What follows will be a protracted period of wrangling, posturing and tough claims by rival politicians to provide France’s only true voice. In other words, in terms of markets: plus what a difference.
At a conference on Monday, Benjamin Melman, global chief investment officer at Edmond de Rothschild Asset Management in Paris, said on the plus side, the mixed vote result meant “there won’t be a Liz Truss moment” of fireworks. in the bond market. from a strong change in fiscal policy. But, he added, “I don’t see a solution to the medium and long-term problems facing France.” The country should prepare for one or two more downgrades from rating agencies, he added, and more parliamentary elections in a year or so.
Politically, everything has changed in France. Economically, the things investors really care about, not so much. That’s why so far (and it’s worth remembering that these are early days, a lot can go right or wrong from here) we’ve only seen temporary dips in the euro, French stocks and government bonds country.

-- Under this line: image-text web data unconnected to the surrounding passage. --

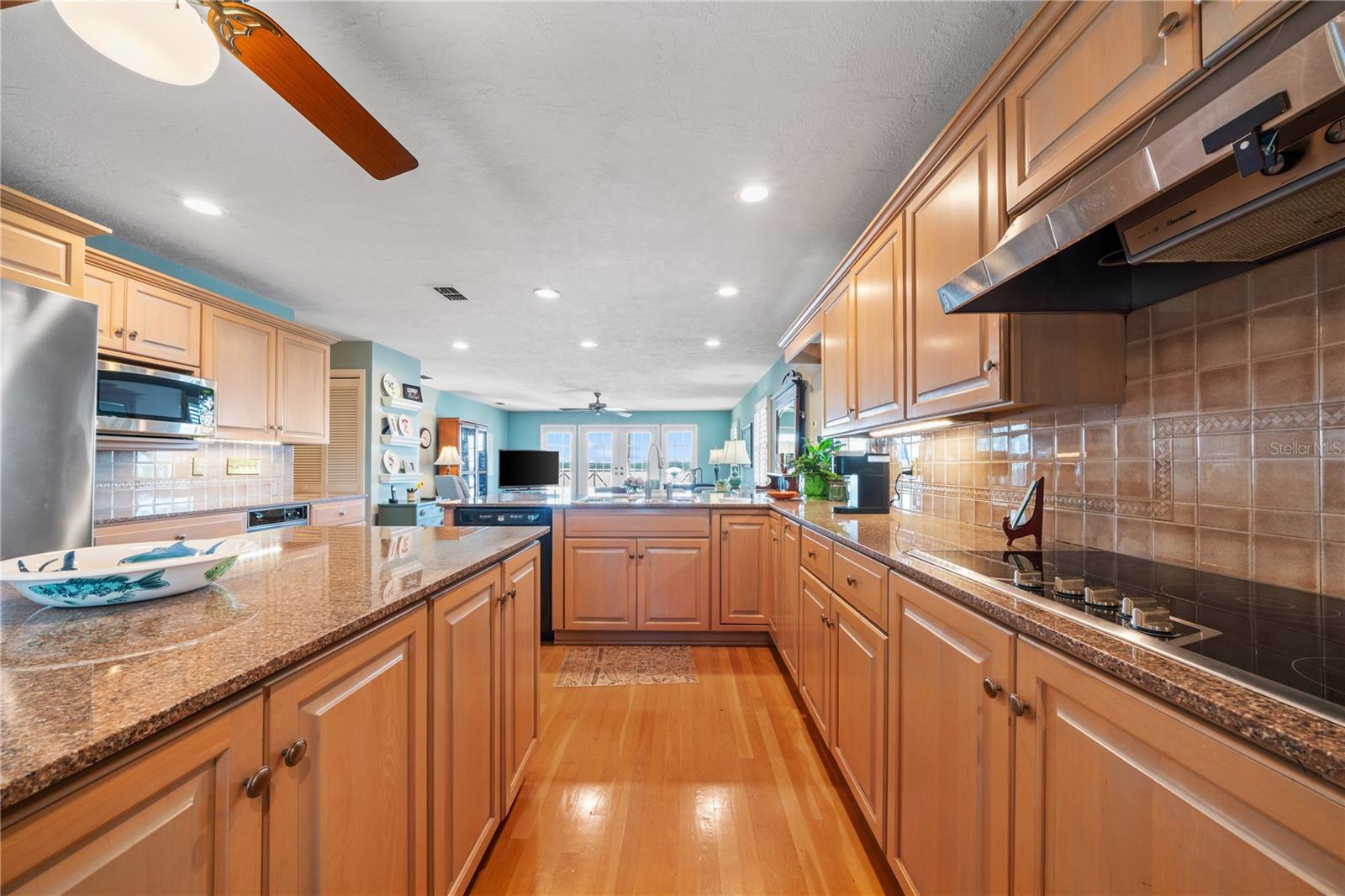 SHORE ACRES BAYOU GRANDE SEC - Residential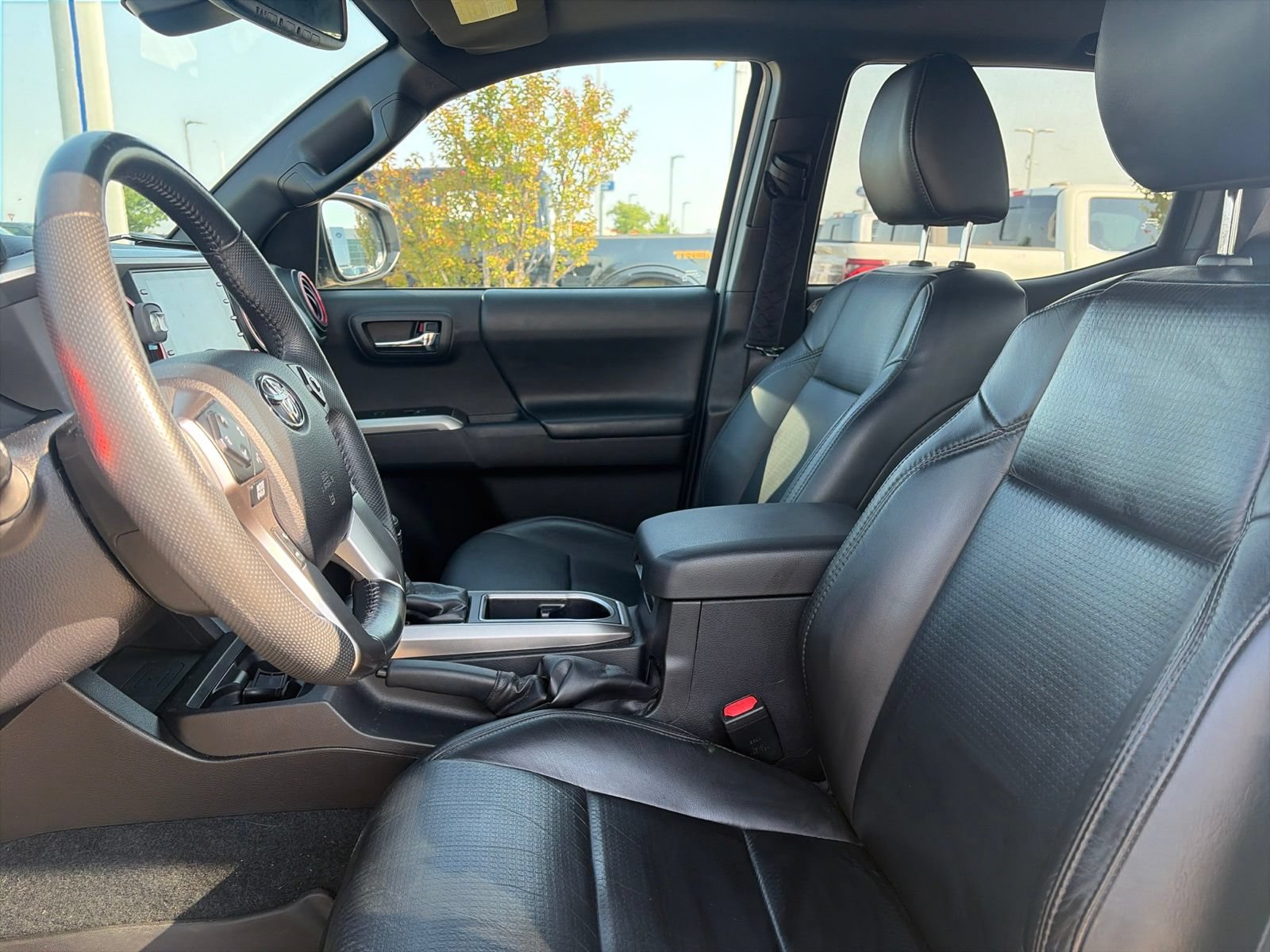 Used 2021 Toyota Tacoma Limited AWD/4WD image 14
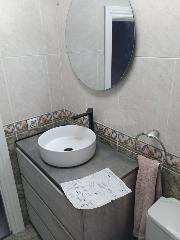 Mueble moderno, con pila de sobreponer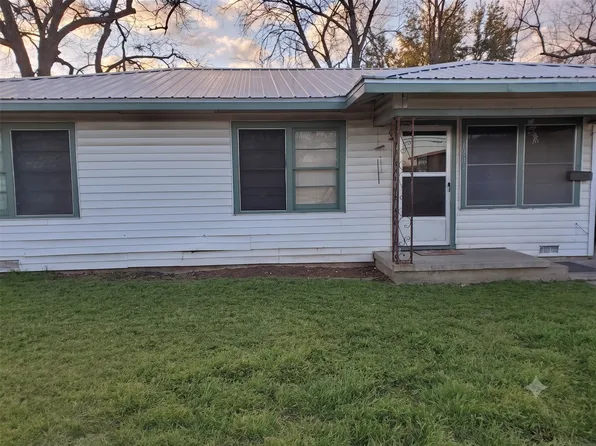 1204 N Fannin Ave, Cameron, TX 76520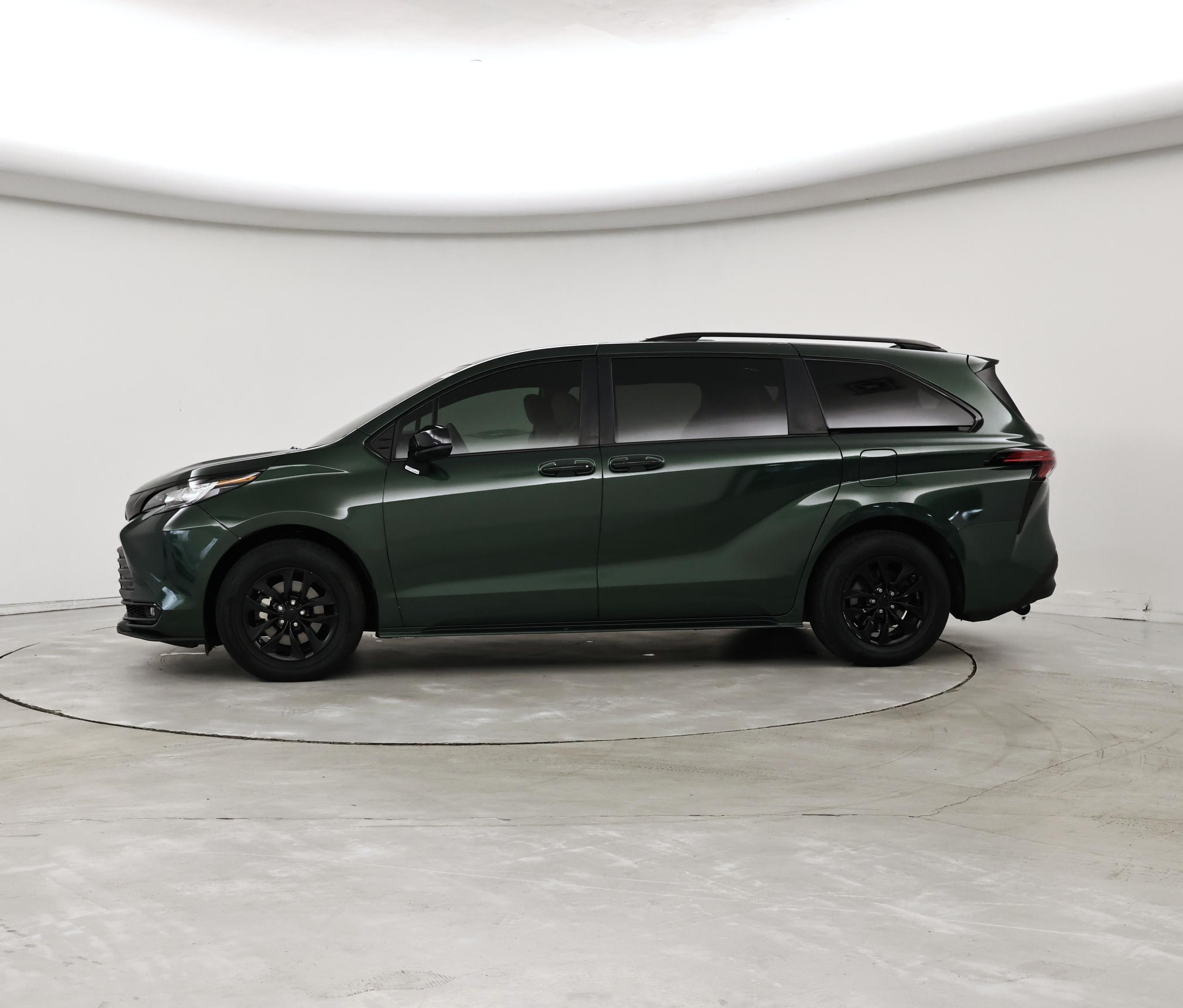 Thumbnail: 2021 Toyota Sienna - 3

In fact, gridlock, bickering and posturing, while they may be bad for democracy, are in many ways exactly what investors want to see continue. They had been nervous about the prospect of a far-right government. Although the RN had promised to play nice with the markets, the prospect of the party spending years fighting with the EU over budgets posed the risk of France becoming the new Italy, which has historically been vulnerable to bond market swings. In a worst-case scenario, the RN could revive its love of Frexit.
But they had also been nervous about the possibility that the far left would also emerge victorious. In fact, they still are. As UBS Global Wealth Management chief investment officer Mark Haefele noted on Monday, one option for President Emmanuel Macron now is to appoint a prime minister from the party that won the most seats, in this case the left-wing Nouveau Front Populaire.
“An NFP government would likely try to undo recent pension and unemployment reforms, raise the minimum wage and not engage in fiscal consolidation, in our view,” Haefele and his team wrote on Monday. “We believe that the NFP program, if implemented as proposed, could lead to a significant worsening of the already high budget deficit.” This is not a great result for French government borrowing costs, which is not a great result for corporate France. In turn, this is why for many, an ineffectively hung parliament is the best of a series of unpleasant options.
All this drama will hang not only over France, but all of Europe for some time. “It is possible that the asset allocations of [French equities] will be reduced forever,” said Frederic Leroux, a member of the strategic investment committee at French investment house Carmignac.
In addition, all of this provides another perverse reason for global investors outside of Europe to give the continent a wide reach. “The problem is the perception outside of Europe of Europe,” said Nicolas Faller, co-chief executive for asset management at Swiss wealth manager UBP. “Every year we have a good reason not to invest in Europe,” he said. There’s always something popping up to pique the interest of customers in Asia, for example. Why bother trying to understand the complexities of Europe when the US moves fast, breaks things and delivers strong market returns?
Overall, this result is a surprise. Opinion polls had indicated a far-right majority that failed to materialize. This is a useful reminder not to rely too heavily on opinion polls ahead of the US election, which will be viewed poorly later this year. But as analysts at Rabobank said in a note: “This is surprising in style more than in substance . . . The result is the same, in that we are now likely to see a period of policy paralysis.” Plus what a difference really.